SUPREME COURT OF THE STATE OF NEW YORK APPELLATE DIVISION SECOND JUDICIAL DEPARTMENT
June 1, 2010
PEOPLE OF STATE OF NEW YORK, RESPONDENT,
LARRY RICHARDSON, APPELLANT.
Appeal by the defendant from an order of the Supreme Court, Queens County (Latella, J.), dated October 31, 2008, which, after a hearing to redetermine his sex offender risk level pursuant to the stipulation of settlement in Doe v Pataki (3 F Supp 2d 456), designated him a level two sex offender pursuant to Correction Law article 6-C.

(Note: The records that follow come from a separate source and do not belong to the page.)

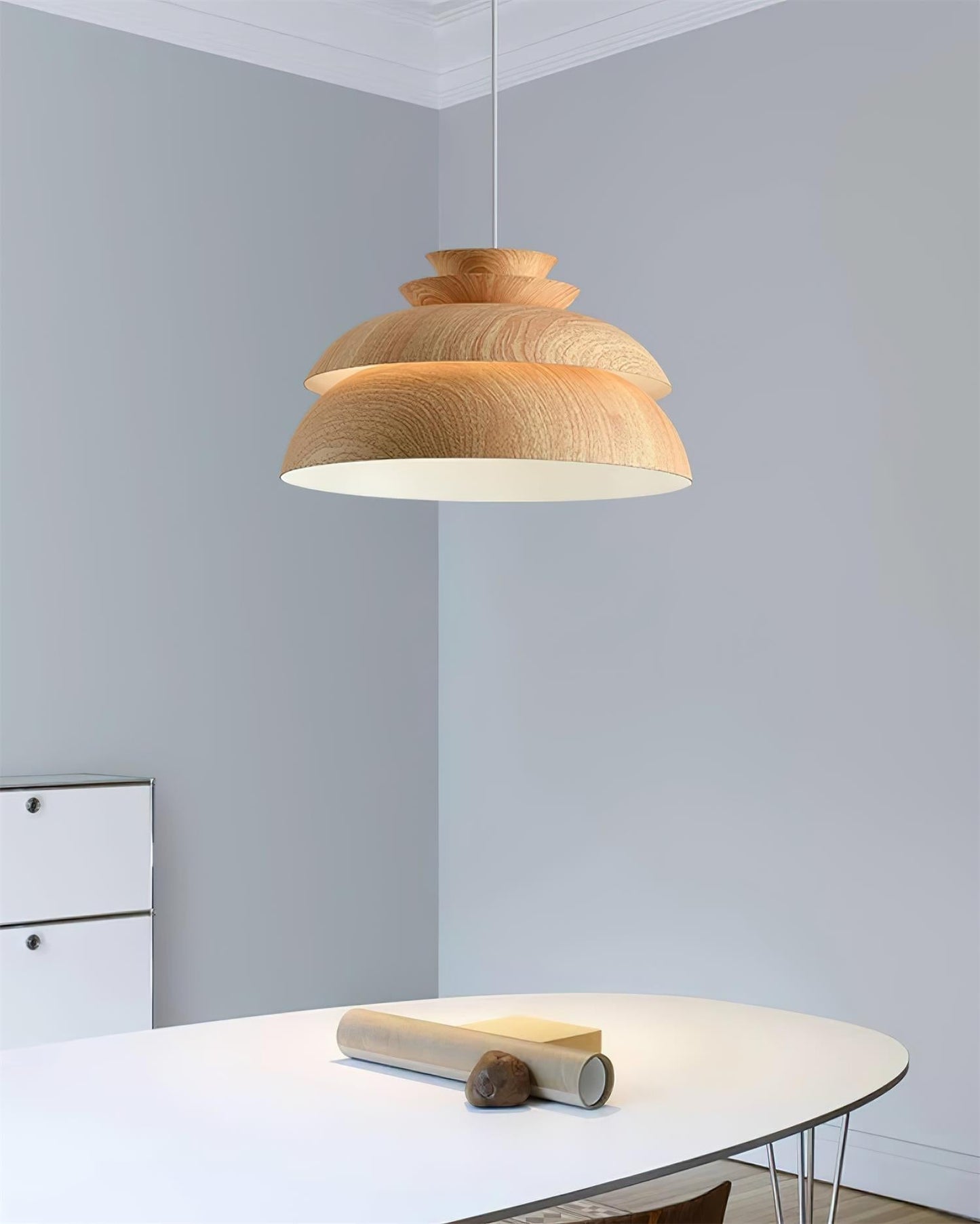Midoriya – Elegante Midori-Hängelampe im Naturstil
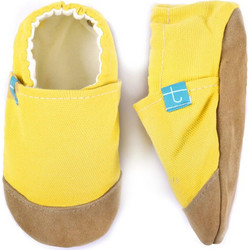 TiTot Baby Run Lemon Βρεφικά Παντοφλάκια Αγκαλιάς Κίτρινα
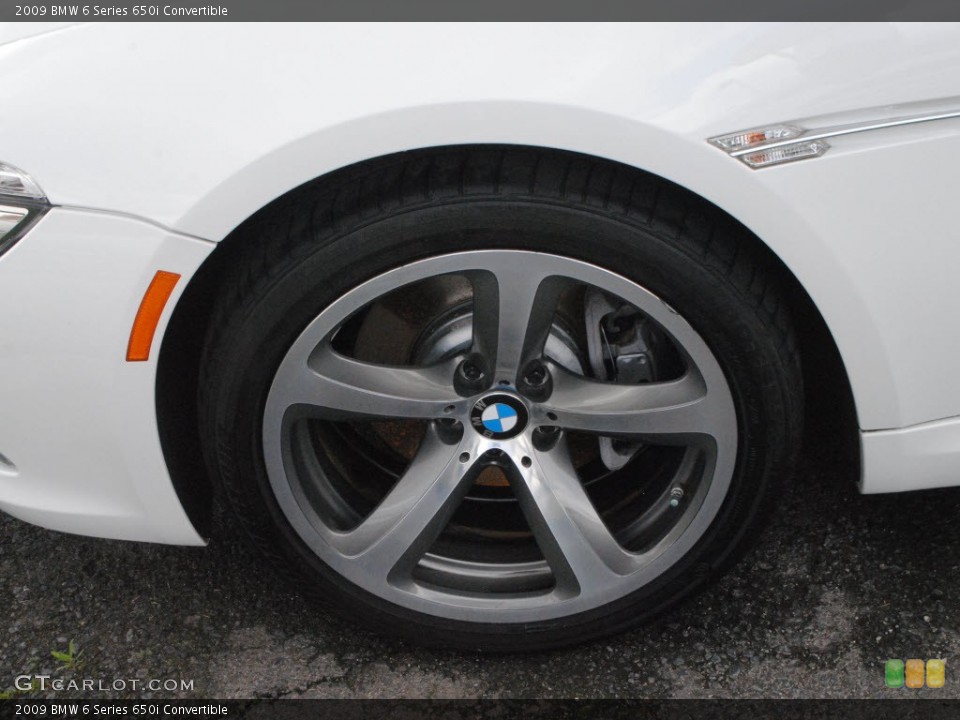 2009 BMW 6 Series 650i Convertible Wheel and Tire Photo #62951904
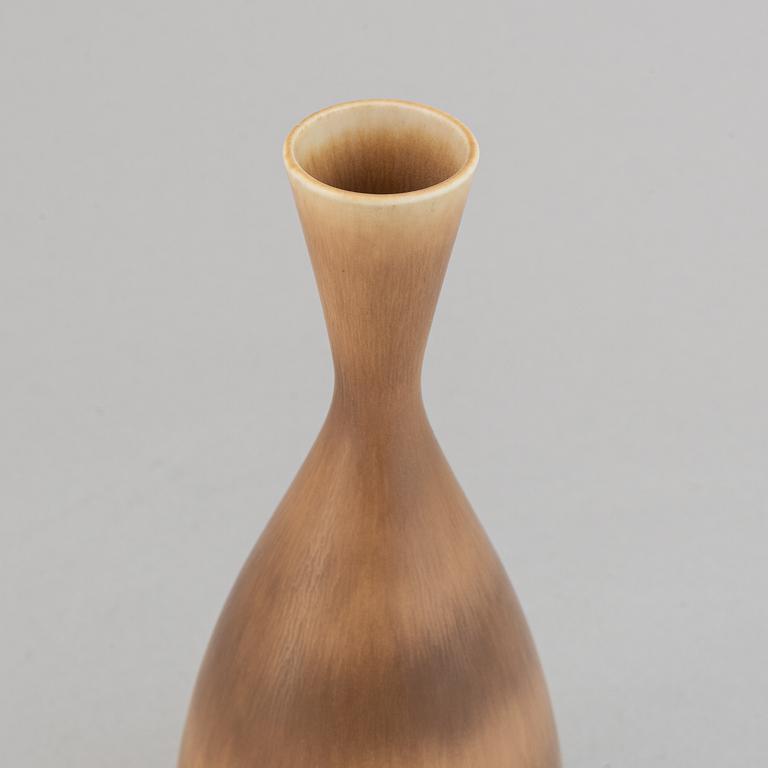 Berndt Friberg, a stoneware vase, Gustavsberg studio, Sweden 1962.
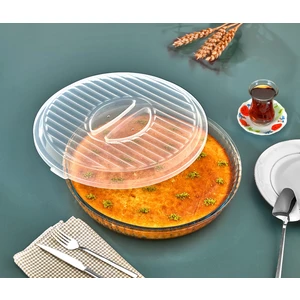 Borcam Kapağı Şeffaf Yuvarlak 26CM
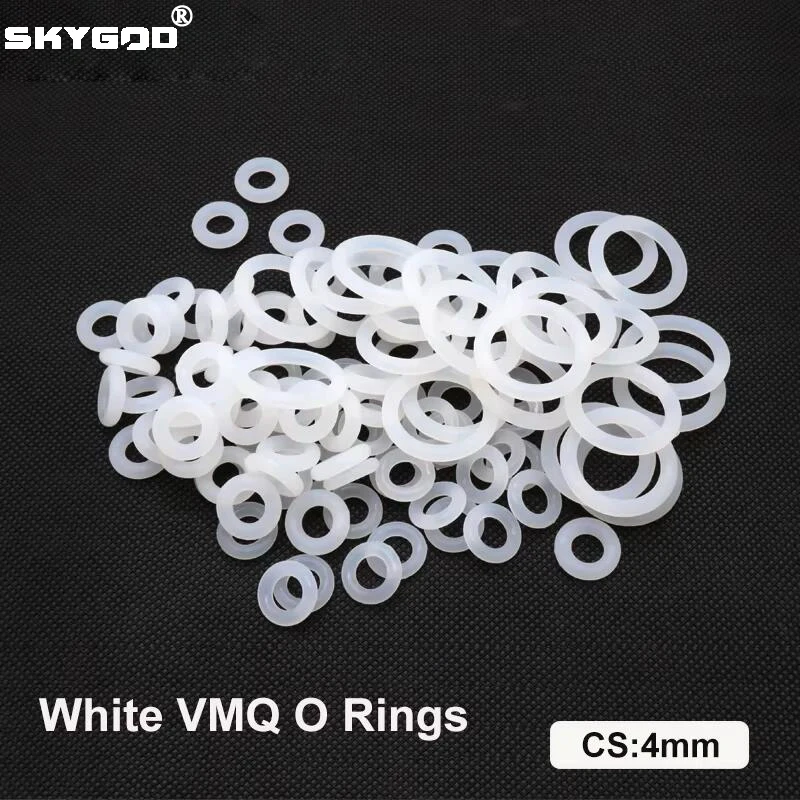 10/50pcs VMQ O Ring Gasket CS 4mm Silicone OD 12~150mm White Food Grade Waterproof Washer Round O ShapeO Rings Seal Tool
10/50pcs VMQ O Ring Gasket CS 4mm Silicone OD 12~150mm White Food Grade Waterproof Washer Round O ShapeO Rings Seal Tool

Published by New York State Law Reporting Bureau pursuant to Judiciary Law § 431.
This opinion is uncorrected and subject to revision before publication in the Official Reports.
A. GAIL PRUDENTI, P.J., DANIEL D. ANGIOLILLO, RUTH C. BALKIN and CHERYL E. CHAMBERS, JJ.
DECISION & ORDER
ORDERED that the order is affirmed, without costs or disbursements.
The defendant failed to show by clear and convincing evidence that there existed mitigating circumstances of a kind or to a degree not otherwise taken into account by the risk assessment instrument that would have warranted a downward departure from his presumptive risk level designation (see People v McKee, 66 AD3d 854, 855; People v Pietarniello, 53 AD3d 475, 478; People v McLaughlin, 40 AD3d 832, 833). Accordingly, the Supreme Court providently exercised its discretion in designating him a level two sex offender (see People v Pietarniello, 53 AD3d at 478; People v Gochnour, 50 AD3d 754, 755).
PRUDENTI, P.J., ANGIOLILLO, BALKIN and CHAMBERS, JJ., concur.